■ **Task to carry out**: Ignoring every picture, return the lines of the listing below word for word, from the line that holds "Mark Villa 放出の画像" through the line that holds "banques en ligne en France".

*** Begin section ***

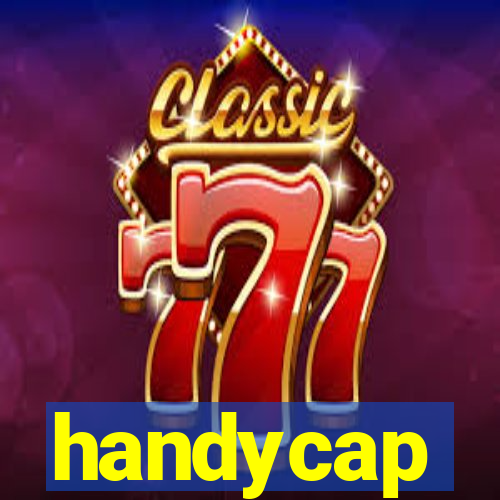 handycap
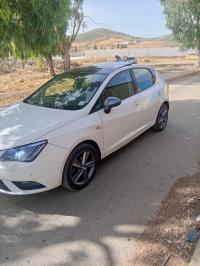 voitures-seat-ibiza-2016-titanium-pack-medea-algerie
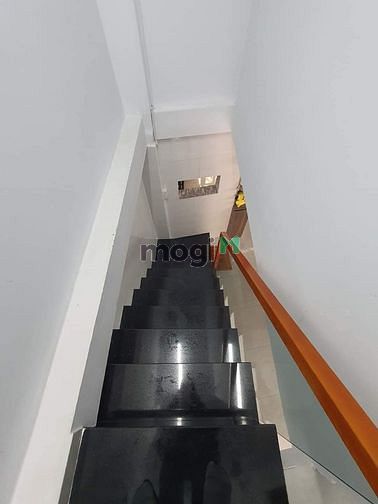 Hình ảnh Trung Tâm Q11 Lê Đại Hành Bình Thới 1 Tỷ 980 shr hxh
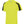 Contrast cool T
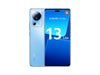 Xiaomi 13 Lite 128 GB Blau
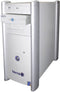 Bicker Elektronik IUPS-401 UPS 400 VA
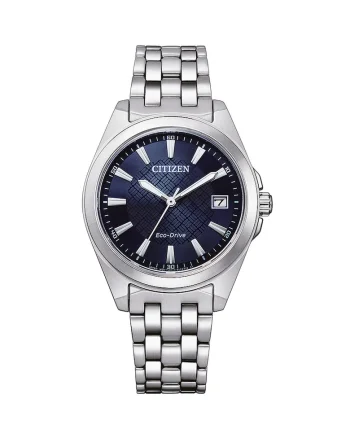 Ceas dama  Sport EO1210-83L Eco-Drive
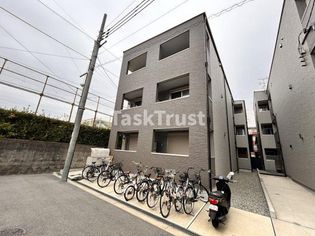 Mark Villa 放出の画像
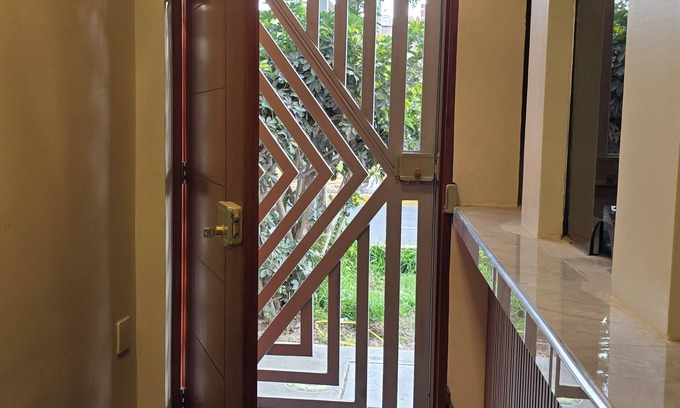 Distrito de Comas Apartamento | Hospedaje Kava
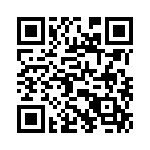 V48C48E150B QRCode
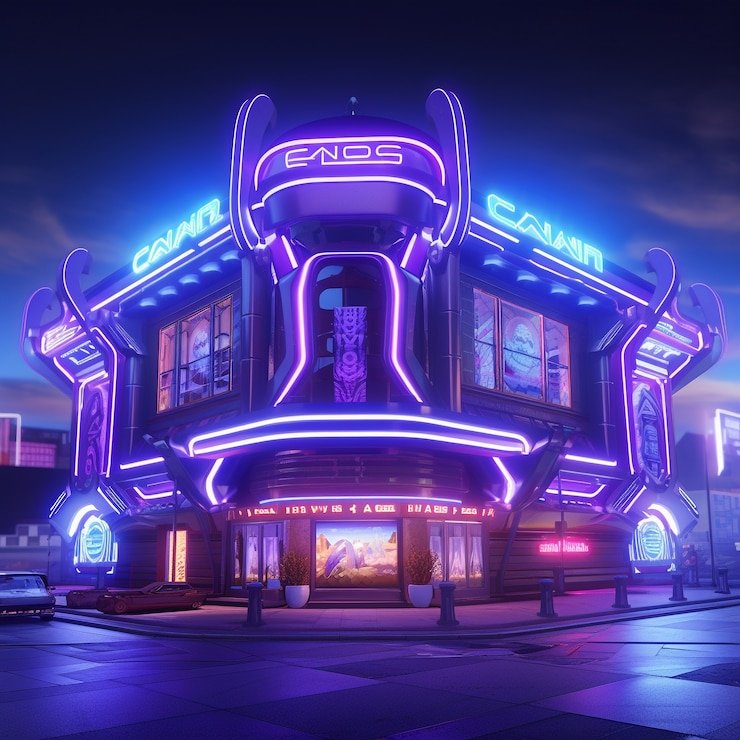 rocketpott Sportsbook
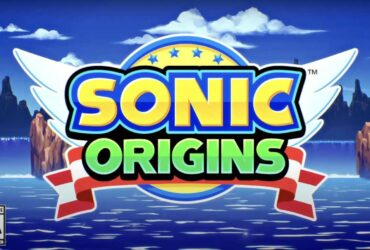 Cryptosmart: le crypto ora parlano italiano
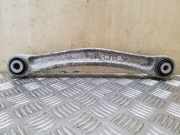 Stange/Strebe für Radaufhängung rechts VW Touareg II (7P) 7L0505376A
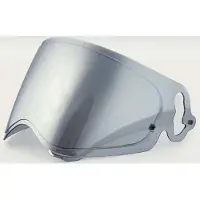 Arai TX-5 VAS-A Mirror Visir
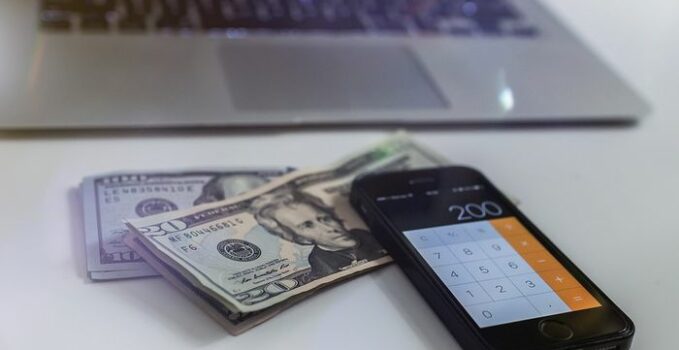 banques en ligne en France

*** End section ***
*** Begin section ***

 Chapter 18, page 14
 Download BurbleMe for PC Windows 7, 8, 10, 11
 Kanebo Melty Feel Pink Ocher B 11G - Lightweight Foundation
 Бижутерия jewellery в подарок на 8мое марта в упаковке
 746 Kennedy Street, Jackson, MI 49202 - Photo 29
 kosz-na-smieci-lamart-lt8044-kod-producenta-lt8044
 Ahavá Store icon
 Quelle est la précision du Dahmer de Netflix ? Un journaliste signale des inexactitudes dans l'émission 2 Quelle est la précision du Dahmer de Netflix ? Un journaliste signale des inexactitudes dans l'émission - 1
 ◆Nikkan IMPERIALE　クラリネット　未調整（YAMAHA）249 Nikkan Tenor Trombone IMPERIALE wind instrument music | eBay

*** End section ***

■ **Result of the exercise**:
 Mark Villa 放出の画像
 Distrito de Comas Apartamento | Hospedaje Kava
 V48C48E150B QRCode
 rocketpott Sportsbook
 Cryptosmart: le crypto ora parlano italiano
 Stange/Strebe für Radaufhängung rechts VW Touareg II (7P) 7L0505376A
 Arai TX-5 VAS-A Mirror Visir
 banques en ligne en France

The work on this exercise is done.